----- Data extracts
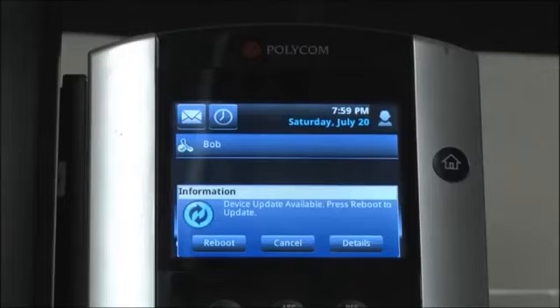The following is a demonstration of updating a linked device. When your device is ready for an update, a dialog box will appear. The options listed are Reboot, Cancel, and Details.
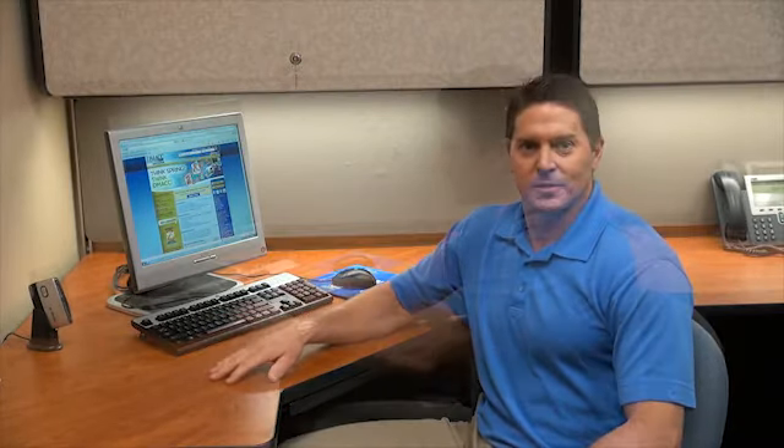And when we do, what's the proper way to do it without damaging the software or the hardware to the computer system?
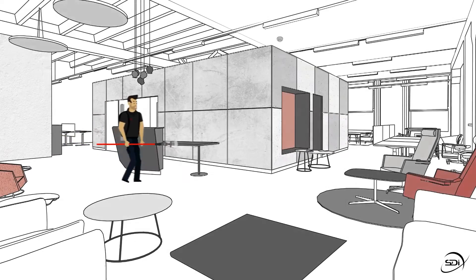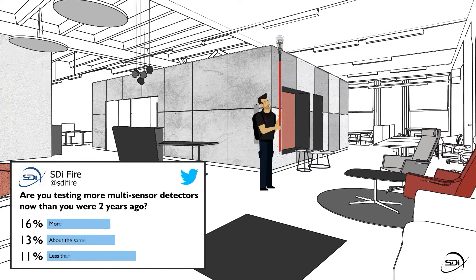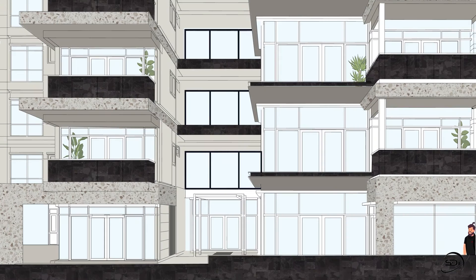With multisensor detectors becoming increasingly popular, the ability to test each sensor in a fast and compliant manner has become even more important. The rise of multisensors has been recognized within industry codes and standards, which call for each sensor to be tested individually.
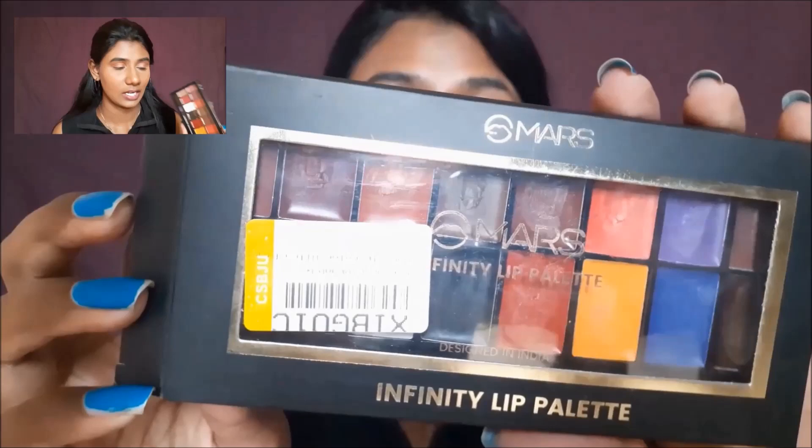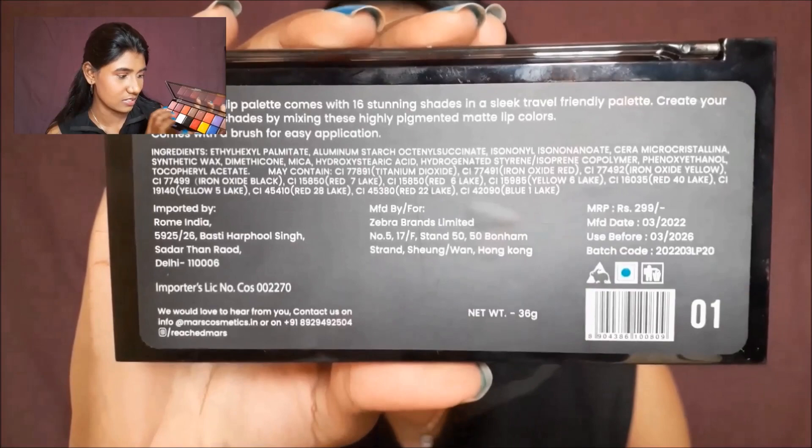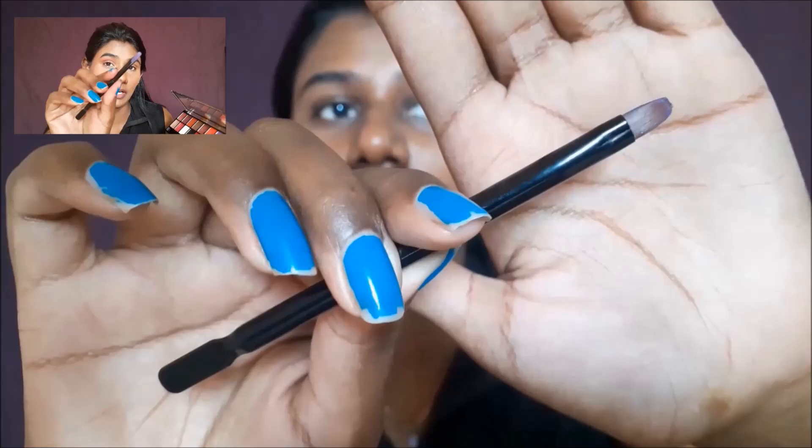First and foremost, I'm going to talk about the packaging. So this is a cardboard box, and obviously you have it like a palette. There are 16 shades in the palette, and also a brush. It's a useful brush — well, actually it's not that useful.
----------
----- Data extracts
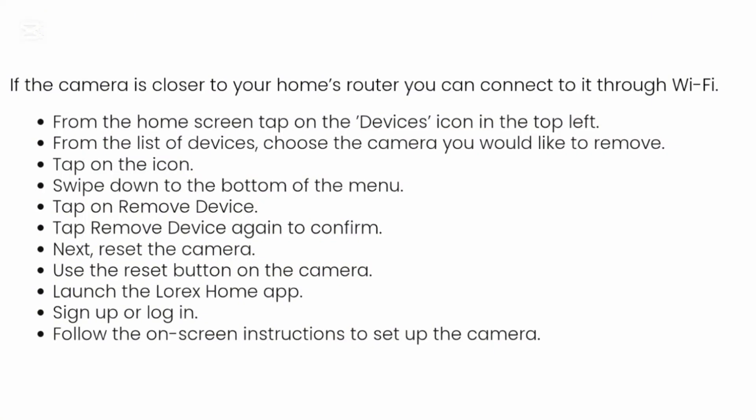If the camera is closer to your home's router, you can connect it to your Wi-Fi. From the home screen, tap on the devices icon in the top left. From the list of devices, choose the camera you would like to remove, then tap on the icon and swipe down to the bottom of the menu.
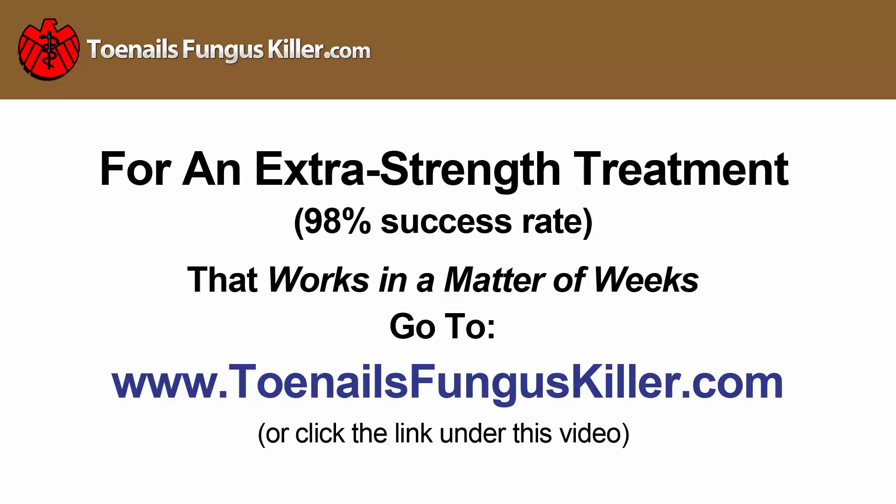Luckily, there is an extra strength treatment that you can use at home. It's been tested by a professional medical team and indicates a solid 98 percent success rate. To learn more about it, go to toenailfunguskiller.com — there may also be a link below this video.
----------
Exercise description | Once the line with "The following is" is found above, print it and every line after it through the line with "First and foremost, I'm", exactly. Pictures stay out.

Your solution |
The following is a demonstration of updating a linked device. When your device is ready for an update, a dialog box will appear. The options listed are Reboot, Cancel, and Details.
And when we do, what's the proper way to do it without damaging the software or the hardware to the computer system?
With multisensor detectors becoming increasingly popular, the ability to test each sensor in a fast and compliant manner has become even more important. The rise of multisensors has been recognized within industry codes and standards, which call for each sensor to be tested individually.
First and foremost, I'm going to talk about the packaging. So this is a cardboard box, and obviously you have it like a palette. There are 16 shades in the palette, and also a brush. It's a useful brush — well, actually it's not that useful.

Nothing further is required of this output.